De multiples situations à risque

Si les situations à risque sont multiples, elles peuvent cependant être classées en deux grandes catégories : la délivrance d’actes de soins et la sécurité des résidents et de leurs biens.

Les actes de soins : en pratique, en Ehpad, les risques sont généralement liés à une erreur de prescription ou d’administration de médicaments ou à une mauvaise organisation du service (exemple : absence d’organisation de la permanence des soins).

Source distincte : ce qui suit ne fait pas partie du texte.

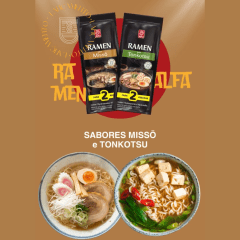 Kit Macarrão para Ramen com Molho Pronto Concentrado de Soja Fermentada (Missô) e Carne de Porco (Tonkatsu)  Alfa - 270g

La sécurité des résidents : les résidents en Ehpad peuvent être confrontés à des risques de chute (événement le plus récurrent dans le secteur de l’hébergement), de sortie à l’insu du service, d’agression ou encore de fausse route consécutifs à une erreur d’appréciation de la vulnérabilité du résident ou à un défaut d’organisation du service en raison, notamment, de l’absence de mise en place des consignes de sécurité ou de surveillance prescrites.

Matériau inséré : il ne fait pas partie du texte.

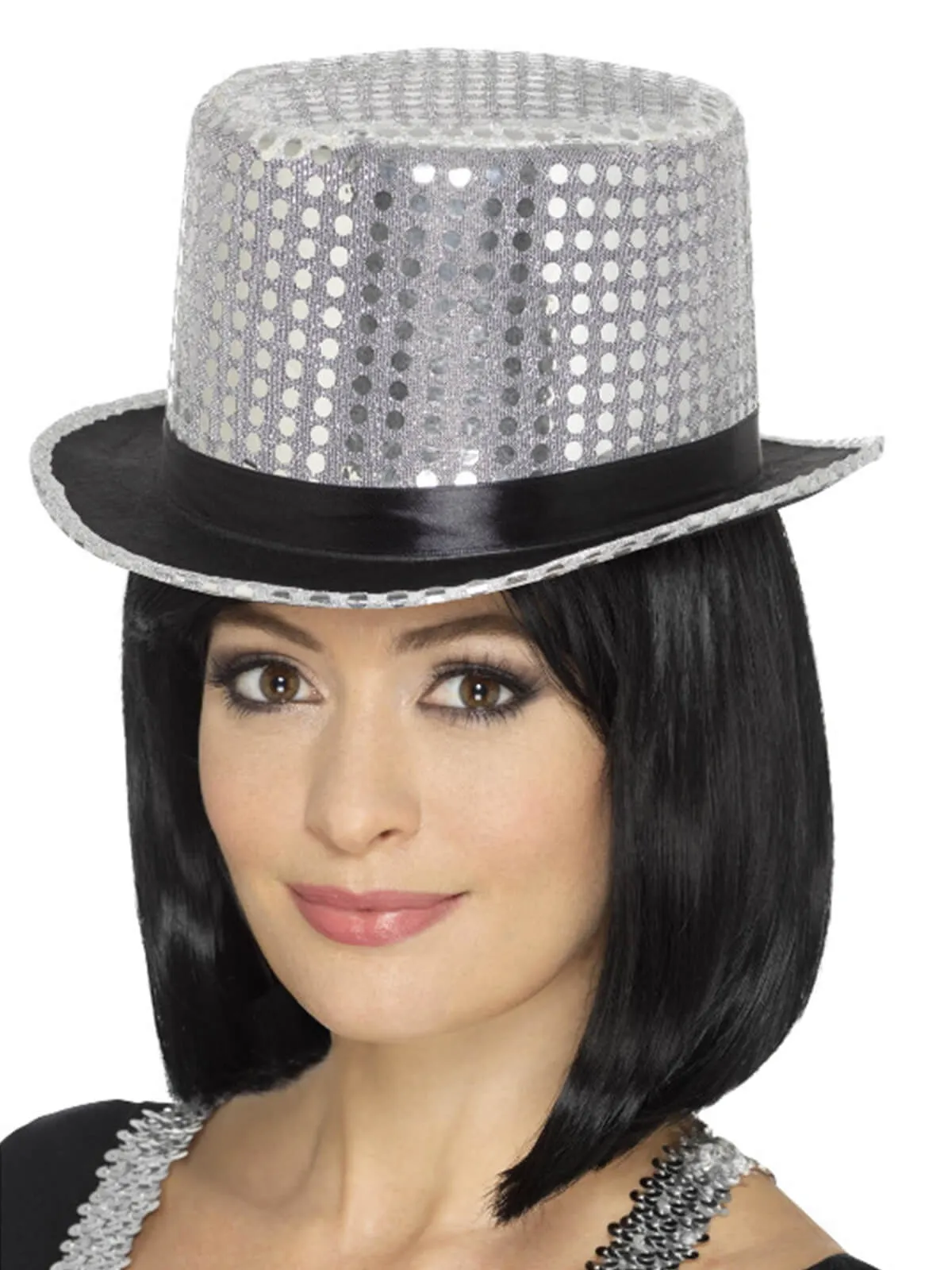 Sequin Top Hat, Silver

Autres sources potentielles de risque, un défaut de sécurité des installations ou un manquement à l’obligation d’assurer la sécurité alimentaire des résidents1.

Enfin, la loi a défini un régime spécifique de responsabilité en cas de perte, de disparition ou de vol des biens des résidents. Ainsi, les établissements sont responsables de plein droit (en l’absence de toute faute) en cas de perte, de vol ou de détérioration des objets déposés par les résidents ; mais la responsabilité de l’établissement ne peut être engagée qu’en cas de faute si les biens considérés n’ont pas fait l’objet des modalités de dépôt2.

La gestion des plaintes et des réclamations en Ehpad

 

Selon qu’elles sont ou non assorties d’une demande indemnitaire, la gestion des plaintes formulées par les résidents ou leur famille suivra deux voies distinctes :

– plaintes sans demande indemnitaire : il peut s’agir, ici, de l’expression de simples mécontentements relatifs à l’accueil et à la prise en charge (exemples : manque d’amabilité des personnels, qualité des repas, demande d’explications sur les soins délivrés,..).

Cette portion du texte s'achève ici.